• EXERCISE DIRECTIONS
Would you repeat the listing below verbatim and drop the images?

• RECORDED INFORMATION
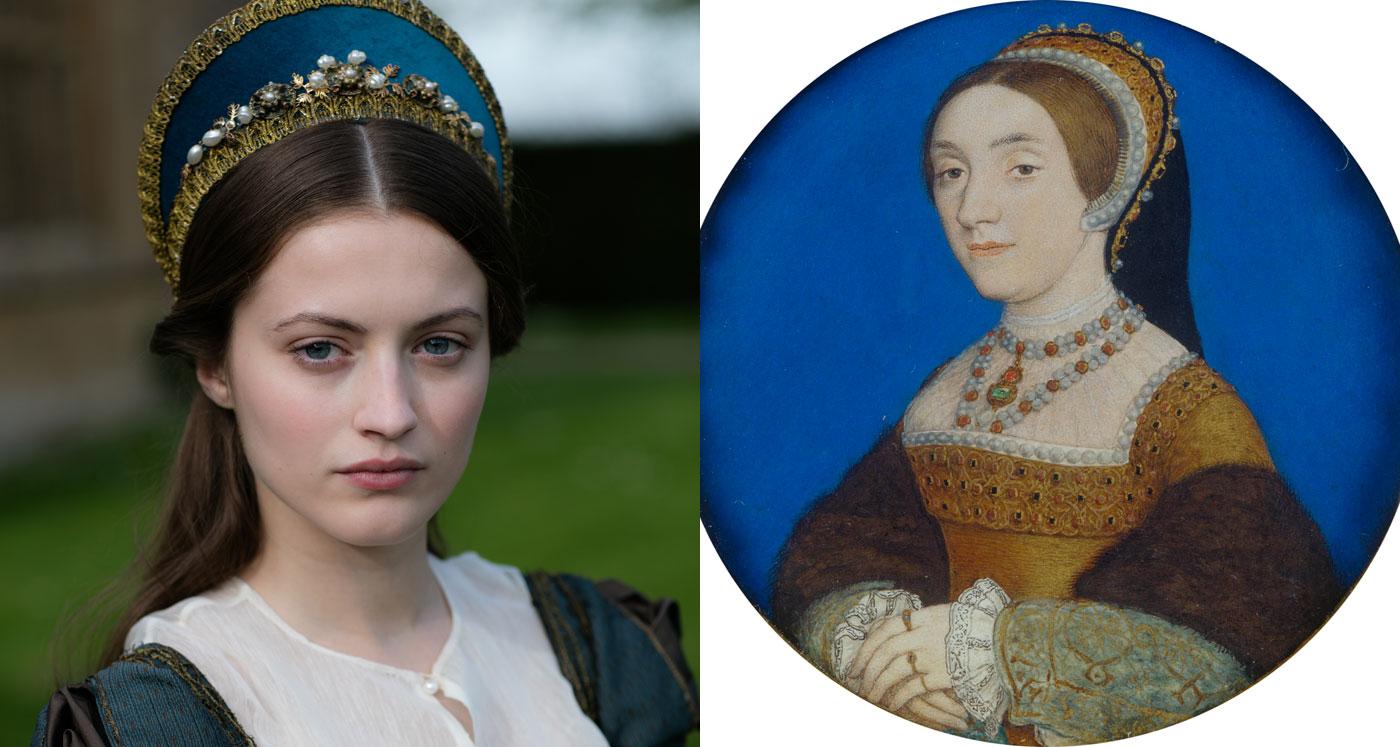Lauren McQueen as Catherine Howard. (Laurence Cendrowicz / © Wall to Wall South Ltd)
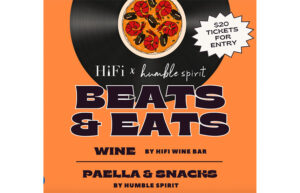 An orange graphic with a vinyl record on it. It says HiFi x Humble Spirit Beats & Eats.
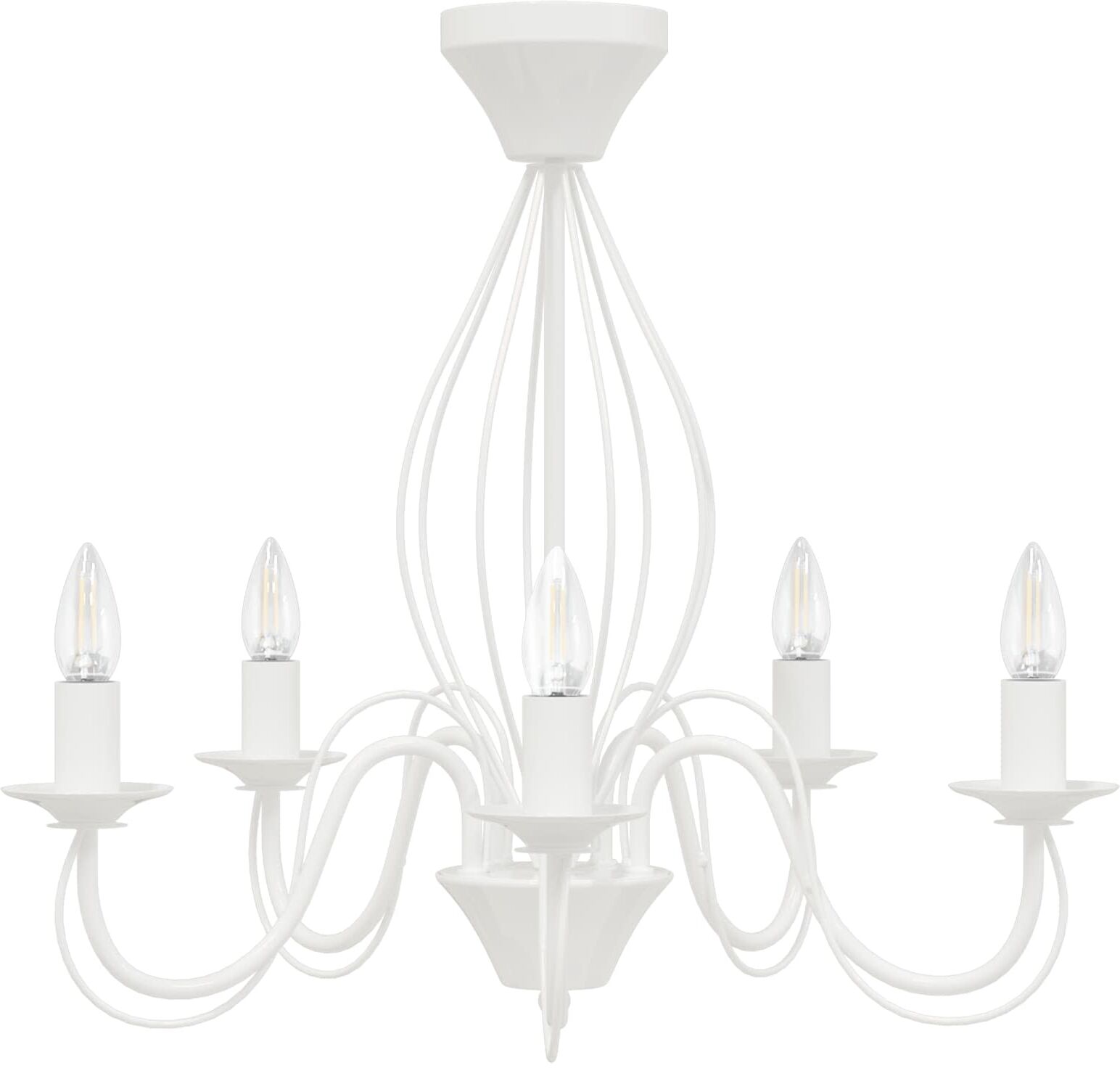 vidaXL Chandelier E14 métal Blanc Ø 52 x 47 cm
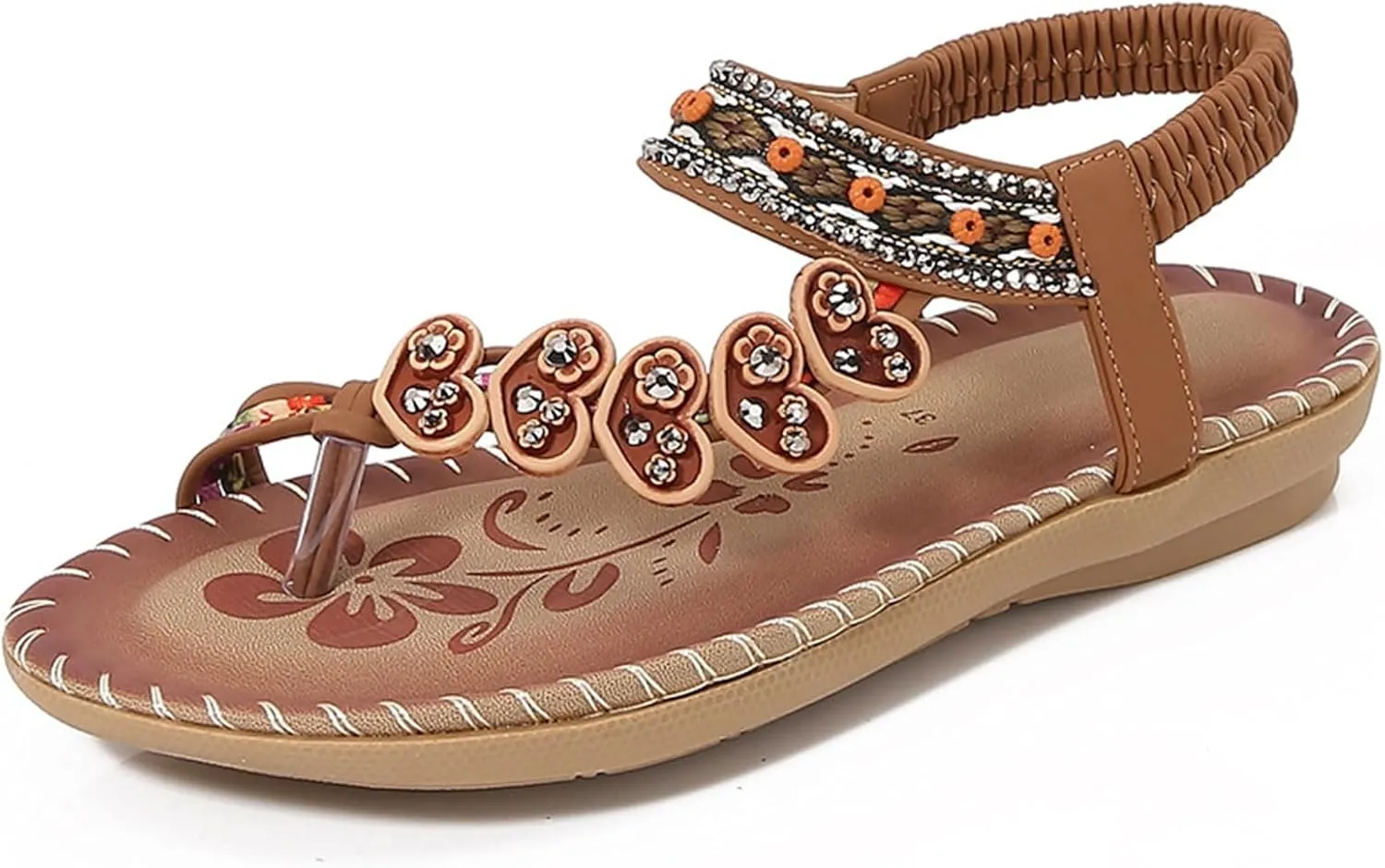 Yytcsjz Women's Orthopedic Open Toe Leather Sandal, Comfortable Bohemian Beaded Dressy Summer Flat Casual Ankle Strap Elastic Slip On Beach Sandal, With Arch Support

• ANSWER SECTION
Lauren McQueen as Catherine Howard. (Laurence Cendrowicz / © Wall to Wall South Ltd)
 An orange graphic with a vinyl record on it. It says HiFi x Humble Spirit Beats & Eats.
 vidaXL Chandelier E14 métal Blanc Ø 52 x 47 cm
 Yytcsjz Women's Orthopedic Open Toe Leather Sandal, Comfortable Bohemian Beaded Dressy Summer Flat Casual Ankle Strap Elastic Slip On Beach Sandal, With Arch Support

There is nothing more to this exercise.